Причины столь крайней русской агорафобии, породившей череду хилиастически-политических учений, хорошо известны: политическая реакция, воспоследовавшая за неудавшимся восстанием декабристов (1825), вызвала глубокое отчуждение умственной элиты, образованной на западный лад, от окружавшего непросвещенного общества. Не имея практического применения своим силам и дарованиям, интеллигенты с чисто религиозным пылом устремили свой общественный идеализм к поискам истины. Они изучали историософские системы германской идеалистической философии — в то время влиявшей на Европу сильнее, чем когда бы то ни было, — ища цельного мировоззрения, способного открыть некий смысл в обставшем хаосе, нравственном и общественном, дать надежную житейскую опору.

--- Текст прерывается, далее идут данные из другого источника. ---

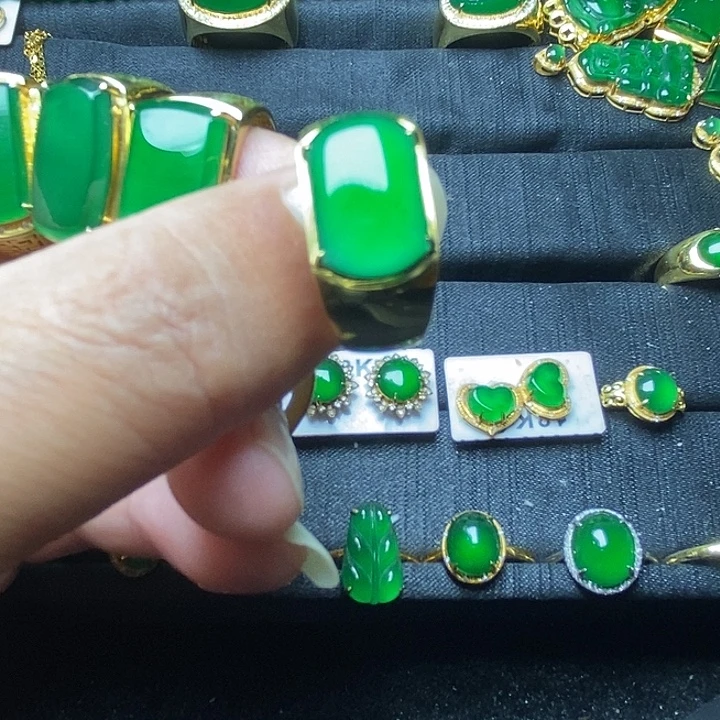 辰***吧翡翠18K金镶嵌戒指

Эта жажда абсолютного была одним из источников пресловутой упрямой последовательности, которая, как замечает Берлин, является самым поразительным свойством русских мыслителей: их привычки делать из идей и понятий выводы самого крайнего, даже абсурдного порядка — ибо останавливаться перед конечными следствиями собственных умозаключений считалось нравственной трусостью, недостаточной преданностью истине. Впрочем, за этой последовательностью обреталась и другая движущая сила, ей противоречившая. Воспитанное по-западному русское меньшинство, напитавшееся, благодаря полученному образованию и прочитанным книгам, как идеалами Просвещения, так и романтическими идеалами свободы и людского достоинства, при Николае I — во времена первобытного, гнетущего деспотизма — захворало клаустрофобией, не знавшей равных в более передовых европейских странах, а обернулась эта клаустрофобия коренной переоценкой привычно признававшихся дотоле авторитетов и догм — религиозных, политических и общественных. Как показывает Берлин в очерке «Россия и 1848 год», вышеназванный процесс лишь ускорился благодаря неуспехам европейских революций 1848 года: интеллигенция пуще прежнего разочаровалась и в западных учениях — либеральных и радикальных, — ив предлагавшихся ими социальных панацеях. Трения и озарения, порожденные иконоборством, которым двигала жажда истины, служат основной темой очерков Берлина о русских мыслителях.